**Your objective**: Copy only the lines from the one with "Bolso HM Steeple" through the end of the records, exactly as they stand. No pictures belong in the copy.
___ Data to examine
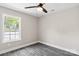 Bright bedroom with large window and ceiling fan at 939 Stonewall S Ave, Rock Hill, SC 29730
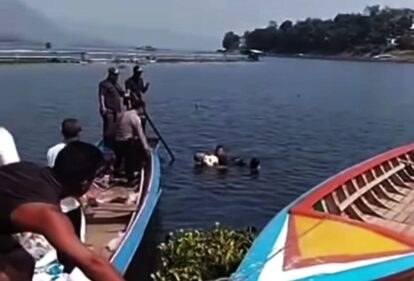 People on a colorful boat watching a person swimming or rescuing in calm water near the shore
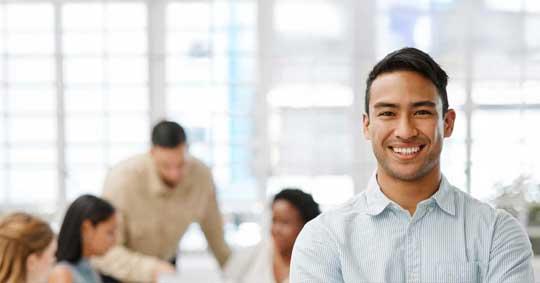 A leader in the boardroom facing away from a working group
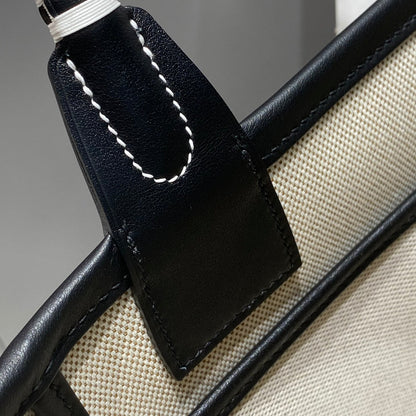 Bolso HM Steeple 28 de piel de becerro negra y lona azul y blanca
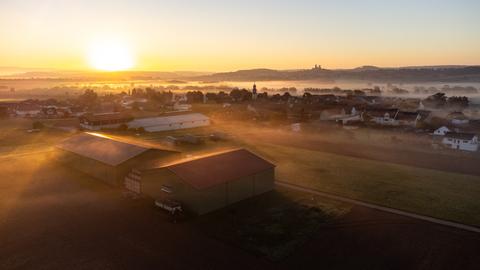 Beim Sonnenaufgang zieht Nebel über Felder und Stadt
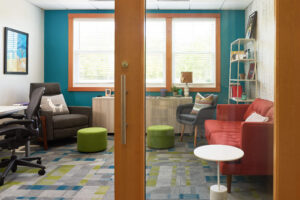 private office with various style soft seating and a work desk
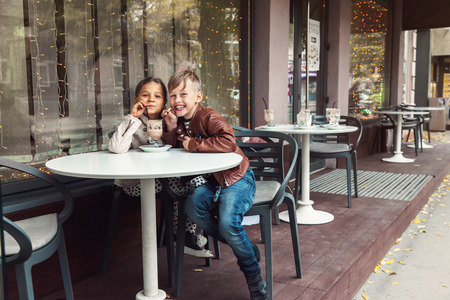 Children having fun in outdoor cafe. Kids talking and drinking cocoa for the breakfast in the city street in autumn.の写真素材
______
**Task answer**:
 Bolso HM Steeple 28 de piel de becerro negra y lona azul y blanca
 Beim Sonnenaufgang zieht Nebel über Felder und Stadt
 private office with various style soft seating and a work desk
 Children having fun in outdoor cafe. Kids talking and drinking cocoa for the breakfast in the city street in autumn.の写真素材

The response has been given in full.